The same may be true for Adam Brooks, the 3rd round pick that was underwhelming at 18, but nearly a point-per-game in his D+1 Year, and put up a 1.67 PPG clip in his D+2 year. Or Jack Walker, who yo-yoed between defense and forward before putting up 84 points in 2015-16.

The Leafs may have been seeking to exploit a market inefficiency in overage players. They might not. It might succeed. It might fail. While it's going to be a while before we figure it out, there could be something to this plan.


The simple answer to how the Leafs performed at the draft should simply be "AUSTON MATTHEWS BABY! WOOO!" With respect to the later rounds, it should be that we simply do not know.

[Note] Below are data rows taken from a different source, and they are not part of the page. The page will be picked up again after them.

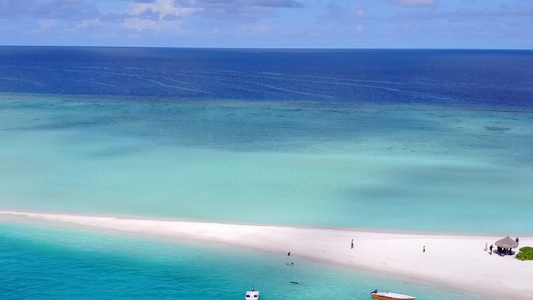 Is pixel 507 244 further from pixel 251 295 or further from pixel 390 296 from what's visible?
pixel 251 295

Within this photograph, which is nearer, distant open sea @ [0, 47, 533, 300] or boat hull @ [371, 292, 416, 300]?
boat hull @ [371, 292, 416, 300]

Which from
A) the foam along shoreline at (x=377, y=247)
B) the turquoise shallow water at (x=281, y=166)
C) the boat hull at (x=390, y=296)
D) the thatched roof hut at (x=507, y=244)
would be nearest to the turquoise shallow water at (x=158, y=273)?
the boat hull at (x=390, y=296)

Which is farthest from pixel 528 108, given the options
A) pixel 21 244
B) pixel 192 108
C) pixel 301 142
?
pixel 21 244

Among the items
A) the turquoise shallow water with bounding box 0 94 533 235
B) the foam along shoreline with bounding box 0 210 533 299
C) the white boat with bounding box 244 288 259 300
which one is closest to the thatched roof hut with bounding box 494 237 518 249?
the foam along shoreline with bounding box 0 210 533 299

All of the later picks are still a few years away from being able to gauge whether the Leafs walked away with some legitimate NHL talent.

Nonetheless, the default answer shouldn't be as simple as "the Leafs did badly because I don't understand their methodology and they didn't draft players I wanted them to draft." Yes, we should not blindly appeal to authority, but did we stop to consider that maybe it is a good thing that we don't understand the decisions made by Leafs management sometimes? Perhaps they made some bad decisions, but perhaps they also did their due diligence and came up with analysis that we do not know. To simply conclude that it is bad because it evades conventional logic- and to blame it all on Lou Lamoriello when the same group running the draft remained intact- is short-sighted.

The easiest conclusion to draw is the Leafs had something up their sleeve. These are my best guesses as to what, and why. I don't know if it'll work, but I'll let the process play itself out.